Senior Product Manager, Microsoft

Rony is a Senior Product Manager Azure Data at Microsoft. He is responsible for building the next generation of Big Data products for enterprise customers. Rony leads the product management for in-database Machine Learning and Artificial Intelligence in products and services like Azure SQL, Azure SQL Managed Instance, SQL Server Big Data Clusters and SQL Server on Windows and Linux. Rony works very closely with Microsoft Research to drive next generation innovation in our products and services. Rony has a PhD in Computer Science and has several research papers published in IEEE/ACM, Springer book chapters and journal publications.


Productionizing Machine Learning with Apache Spark, MLflow and ONNX from the ground to cloud using SQL ServerSummit 2020

One of the biggest challenges which customers face is how to productionize machine learning for enterprises. Once the Data scientist, Data Engineers, Business analyst, Machine learning engineer have successfully built their Machine Learning Models, they need model management a system that manages and orchestrates the entire lifecycle of machine learning models. Analytical models must be trained, compared and monitored before deploying into production, requiring many steps to take place to operationalize a model's lifecycle.
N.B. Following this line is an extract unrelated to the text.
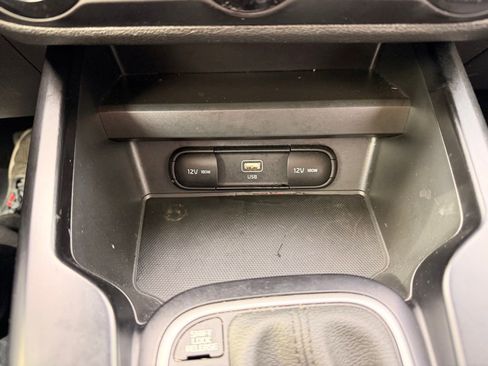 Used 2023 Kia Soul LX image 18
We have been looking at MLflow to be our open source platform to manage the ML lifecycle, including experimentation, reproducibility and deployment. One of the features we have introduced into MLflow contributing back to the community is the ability to store models into backend SQL Server as the model artifact store.
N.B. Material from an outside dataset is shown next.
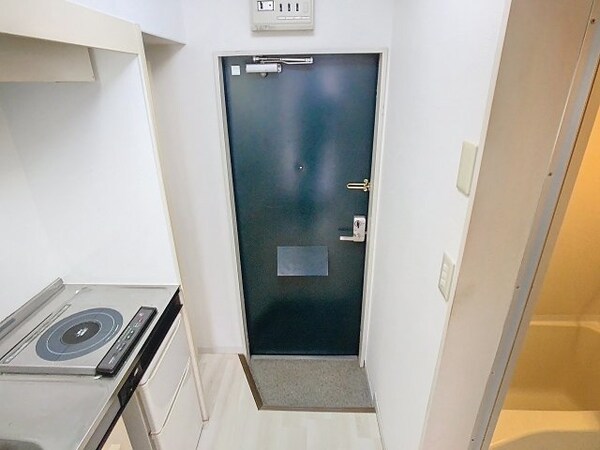 玄関(2025年4月撮影※現況を優先致します。)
The key focus here is that 'models are just like data' to an engine like SQL Server, and as such we can leverage most of the mission-critical features of data management built into SQL Server for machine learning models. Using SQL Server for ML model management, an organization can create an ecosystem for harvesting analytical models, enabling data scientists and business analysts to discover the best models and promote them for use. SQL Server treats models just like data – storing them as serialized varbinary objects. SQL Server keeps the models 'close' to data, thus leveraging all the capabilities of a Management System for Data to be now nearly seamlessly transferable to machine learning models. This can help simplify the process of managing models tremendously resulting in faster delivery and more accurate business insights. We will also discuss how we are leveraging ONNX runtime in SQL and convert these models to ONNX and deploy the models on Edge for native predictions on the data.